→ **About this exercise**
With pictures left out, extract every line between the start of the records below and the line holding "Митрополит Игнатий совершил", inclusive.

[Opening Entries shown section]

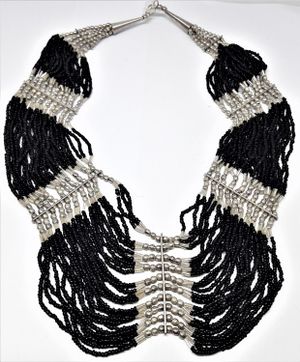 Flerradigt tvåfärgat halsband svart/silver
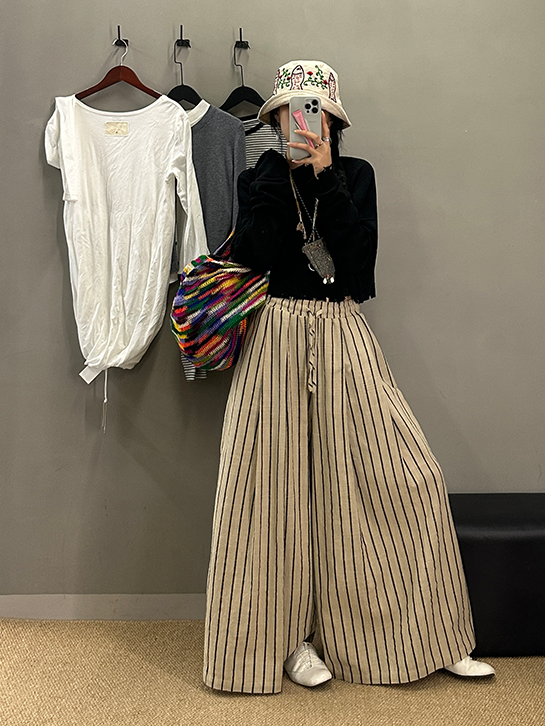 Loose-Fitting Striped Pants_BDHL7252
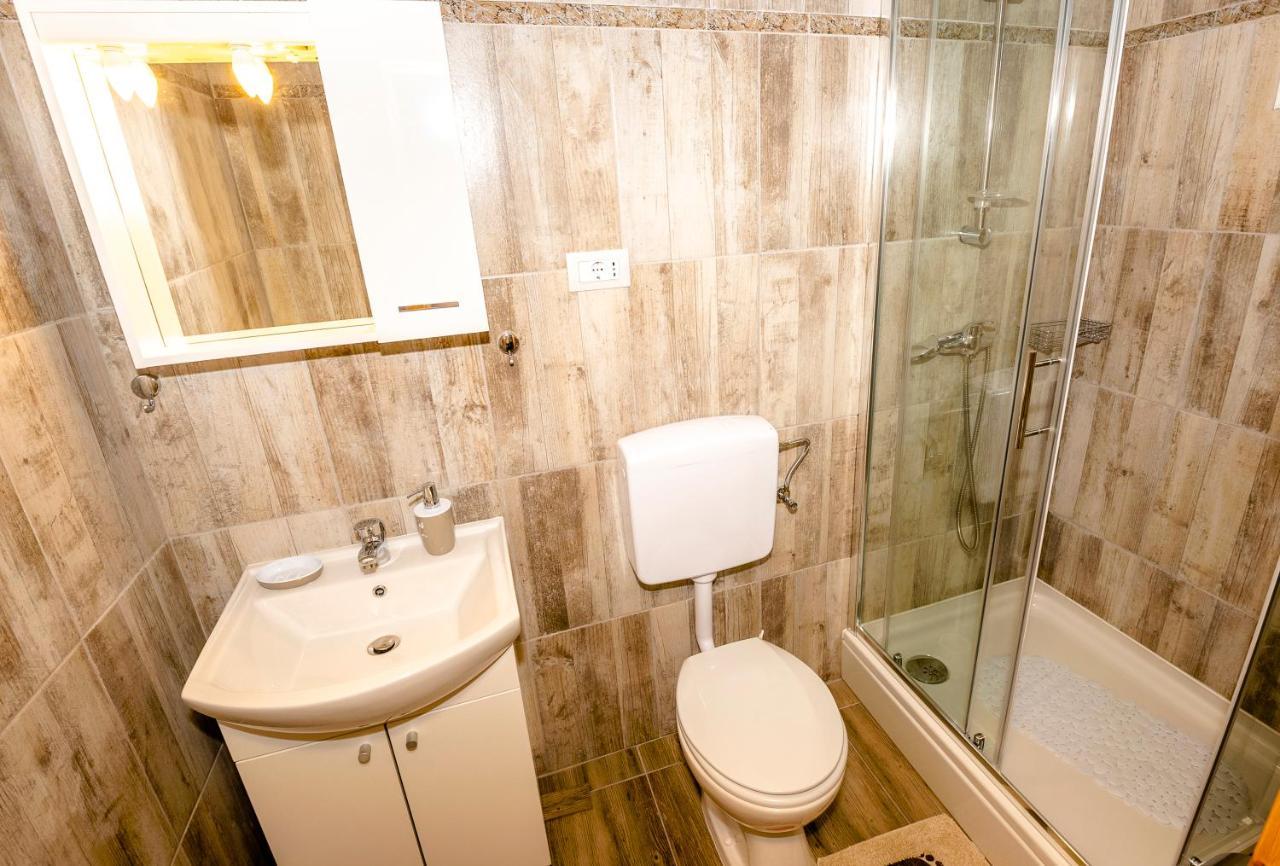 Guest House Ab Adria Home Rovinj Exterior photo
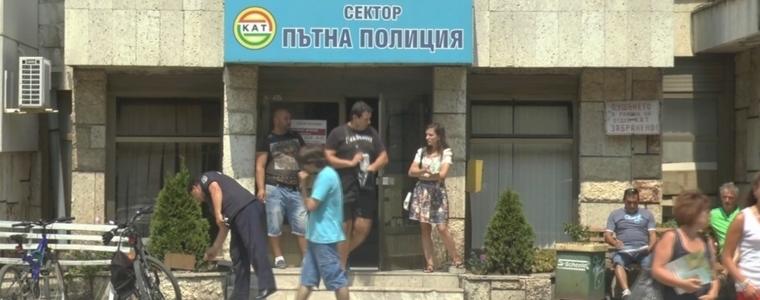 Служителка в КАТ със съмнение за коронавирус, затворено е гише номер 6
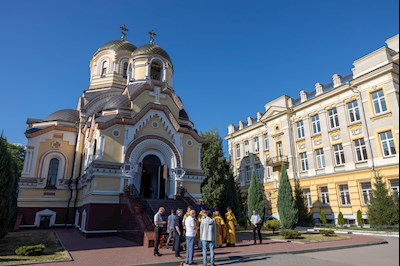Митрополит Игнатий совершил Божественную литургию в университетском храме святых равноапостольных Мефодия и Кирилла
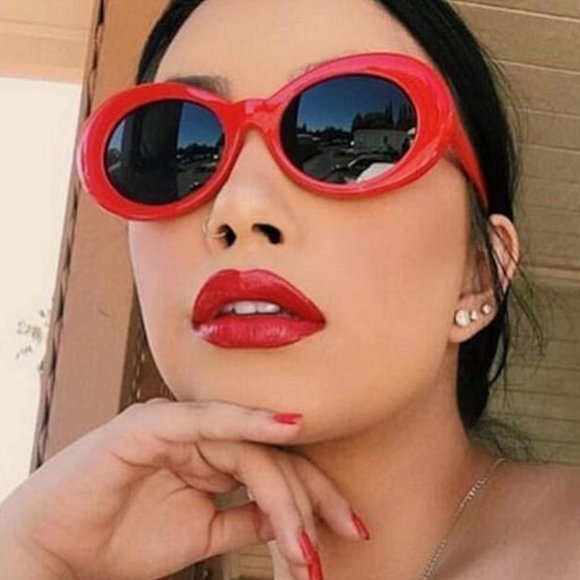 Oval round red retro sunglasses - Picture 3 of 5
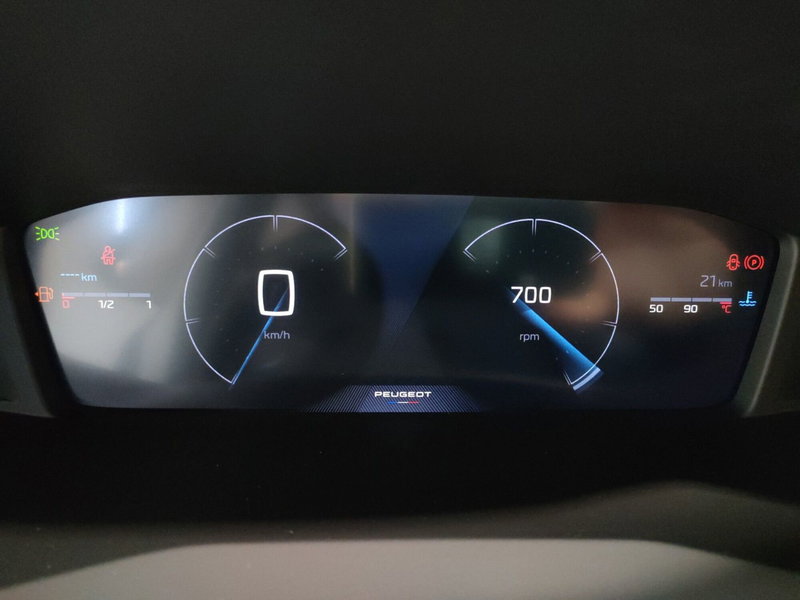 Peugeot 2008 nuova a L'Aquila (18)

[Closing Entries shown section]

→ **Response to this exercise**
 Flerradigt tvåfärgat halsband svart/silver
 Loose-Fitting Striped Pants_BDHL7252
 Guest House Ab Adria Home Rovinj Exterior photo
 Служителка в КАТ със съмнение за коронавирус, затворено е гише номер 6
Митрополит Игнатий совершил Божественную литургию в университетском храме святых равноапостольных Мефодия и Кирилла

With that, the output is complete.